# [Required action]
From the records, return each line that has the word "Used" in it.

(Caption-style text data)

[Start of section]

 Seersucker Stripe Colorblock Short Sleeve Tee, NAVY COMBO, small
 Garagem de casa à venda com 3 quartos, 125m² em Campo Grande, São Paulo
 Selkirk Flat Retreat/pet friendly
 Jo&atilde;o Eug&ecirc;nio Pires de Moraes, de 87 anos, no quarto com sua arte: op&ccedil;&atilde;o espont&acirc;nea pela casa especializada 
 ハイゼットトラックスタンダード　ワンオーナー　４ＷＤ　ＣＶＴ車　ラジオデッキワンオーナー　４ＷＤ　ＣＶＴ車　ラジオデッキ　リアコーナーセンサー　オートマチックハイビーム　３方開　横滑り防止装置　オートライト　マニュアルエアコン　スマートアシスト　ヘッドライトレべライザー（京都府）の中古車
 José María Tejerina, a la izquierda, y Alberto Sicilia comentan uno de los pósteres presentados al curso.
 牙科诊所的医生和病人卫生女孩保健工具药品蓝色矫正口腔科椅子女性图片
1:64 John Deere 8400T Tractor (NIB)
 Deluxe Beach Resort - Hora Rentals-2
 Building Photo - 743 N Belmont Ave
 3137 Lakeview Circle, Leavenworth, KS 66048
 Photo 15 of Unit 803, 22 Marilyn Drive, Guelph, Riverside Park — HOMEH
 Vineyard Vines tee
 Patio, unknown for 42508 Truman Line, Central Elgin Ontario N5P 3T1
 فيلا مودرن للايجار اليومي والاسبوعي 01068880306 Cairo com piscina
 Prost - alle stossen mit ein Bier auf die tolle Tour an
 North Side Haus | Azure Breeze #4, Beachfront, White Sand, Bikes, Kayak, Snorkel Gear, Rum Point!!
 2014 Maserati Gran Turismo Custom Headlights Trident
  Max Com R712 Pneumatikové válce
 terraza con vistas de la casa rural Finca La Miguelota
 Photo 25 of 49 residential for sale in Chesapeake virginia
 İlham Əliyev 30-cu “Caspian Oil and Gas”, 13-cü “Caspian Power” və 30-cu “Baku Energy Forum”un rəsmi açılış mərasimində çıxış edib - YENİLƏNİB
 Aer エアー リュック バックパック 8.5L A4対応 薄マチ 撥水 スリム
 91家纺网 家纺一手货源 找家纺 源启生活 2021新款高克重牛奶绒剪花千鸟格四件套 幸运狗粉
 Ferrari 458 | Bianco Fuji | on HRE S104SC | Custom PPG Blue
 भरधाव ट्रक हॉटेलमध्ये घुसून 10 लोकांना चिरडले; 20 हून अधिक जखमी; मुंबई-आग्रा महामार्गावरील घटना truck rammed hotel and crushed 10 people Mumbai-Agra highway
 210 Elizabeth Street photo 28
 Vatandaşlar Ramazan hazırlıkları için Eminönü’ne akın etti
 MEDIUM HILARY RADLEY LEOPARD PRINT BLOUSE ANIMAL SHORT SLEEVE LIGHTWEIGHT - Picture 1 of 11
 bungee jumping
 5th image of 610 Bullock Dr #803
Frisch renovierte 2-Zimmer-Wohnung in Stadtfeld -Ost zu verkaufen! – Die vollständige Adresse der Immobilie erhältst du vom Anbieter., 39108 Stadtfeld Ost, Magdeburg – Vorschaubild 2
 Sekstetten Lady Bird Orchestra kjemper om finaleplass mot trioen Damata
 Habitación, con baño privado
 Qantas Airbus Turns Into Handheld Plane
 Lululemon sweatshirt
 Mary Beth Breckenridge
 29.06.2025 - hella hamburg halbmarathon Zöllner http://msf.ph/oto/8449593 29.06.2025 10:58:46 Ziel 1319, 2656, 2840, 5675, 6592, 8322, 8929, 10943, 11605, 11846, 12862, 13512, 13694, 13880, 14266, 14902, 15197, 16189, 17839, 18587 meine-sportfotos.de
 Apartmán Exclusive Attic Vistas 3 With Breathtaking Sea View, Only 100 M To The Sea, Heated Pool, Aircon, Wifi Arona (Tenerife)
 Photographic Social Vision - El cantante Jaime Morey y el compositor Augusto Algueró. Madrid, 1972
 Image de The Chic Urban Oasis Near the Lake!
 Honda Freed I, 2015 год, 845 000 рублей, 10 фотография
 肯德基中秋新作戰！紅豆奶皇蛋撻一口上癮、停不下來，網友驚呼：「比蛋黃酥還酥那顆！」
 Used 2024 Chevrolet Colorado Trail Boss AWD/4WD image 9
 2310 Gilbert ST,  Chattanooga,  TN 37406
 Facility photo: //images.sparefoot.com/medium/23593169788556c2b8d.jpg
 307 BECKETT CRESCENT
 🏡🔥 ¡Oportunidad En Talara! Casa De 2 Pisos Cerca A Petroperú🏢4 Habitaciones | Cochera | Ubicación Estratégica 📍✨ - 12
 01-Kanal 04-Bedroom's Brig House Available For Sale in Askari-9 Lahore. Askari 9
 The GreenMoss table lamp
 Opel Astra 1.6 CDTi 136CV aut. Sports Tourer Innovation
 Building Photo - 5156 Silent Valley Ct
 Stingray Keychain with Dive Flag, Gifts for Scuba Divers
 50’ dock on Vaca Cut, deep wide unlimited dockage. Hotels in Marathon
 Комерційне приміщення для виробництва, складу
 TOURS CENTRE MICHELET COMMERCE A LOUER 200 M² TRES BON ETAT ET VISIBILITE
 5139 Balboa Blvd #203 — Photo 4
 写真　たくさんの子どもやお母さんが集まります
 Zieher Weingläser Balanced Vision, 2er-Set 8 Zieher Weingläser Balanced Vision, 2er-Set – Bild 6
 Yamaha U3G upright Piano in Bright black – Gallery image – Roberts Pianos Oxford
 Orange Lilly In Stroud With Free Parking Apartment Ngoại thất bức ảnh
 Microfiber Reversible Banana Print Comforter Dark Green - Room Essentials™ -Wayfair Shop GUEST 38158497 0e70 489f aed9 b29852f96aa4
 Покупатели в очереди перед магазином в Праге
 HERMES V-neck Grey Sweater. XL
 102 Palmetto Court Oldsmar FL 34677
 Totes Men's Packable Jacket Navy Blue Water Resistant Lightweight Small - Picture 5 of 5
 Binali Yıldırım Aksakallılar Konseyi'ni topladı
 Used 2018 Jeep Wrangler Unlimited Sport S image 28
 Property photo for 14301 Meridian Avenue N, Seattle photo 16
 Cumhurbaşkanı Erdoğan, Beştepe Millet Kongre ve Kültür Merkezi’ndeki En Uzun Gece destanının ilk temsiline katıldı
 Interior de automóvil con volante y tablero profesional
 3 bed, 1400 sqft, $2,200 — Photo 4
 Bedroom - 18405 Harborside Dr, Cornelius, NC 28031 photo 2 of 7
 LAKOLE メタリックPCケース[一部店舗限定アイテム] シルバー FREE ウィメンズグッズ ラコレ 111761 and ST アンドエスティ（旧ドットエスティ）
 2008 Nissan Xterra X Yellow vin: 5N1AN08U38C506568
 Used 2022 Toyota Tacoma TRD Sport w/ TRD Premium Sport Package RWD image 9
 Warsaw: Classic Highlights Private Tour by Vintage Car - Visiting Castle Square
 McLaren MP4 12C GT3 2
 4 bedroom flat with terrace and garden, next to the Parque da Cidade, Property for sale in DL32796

[End of section]

# [Finished exercise]
 Used 2024 Chevrolet Colorado Trail Boss AWD/4WD image 9
 Used 2018 Jeep Wrangler Unlimited Sport S image 28
 Used 2022 Toyota Tacoma TRD Sport w/ TRD Premium Sport Package RWD image 9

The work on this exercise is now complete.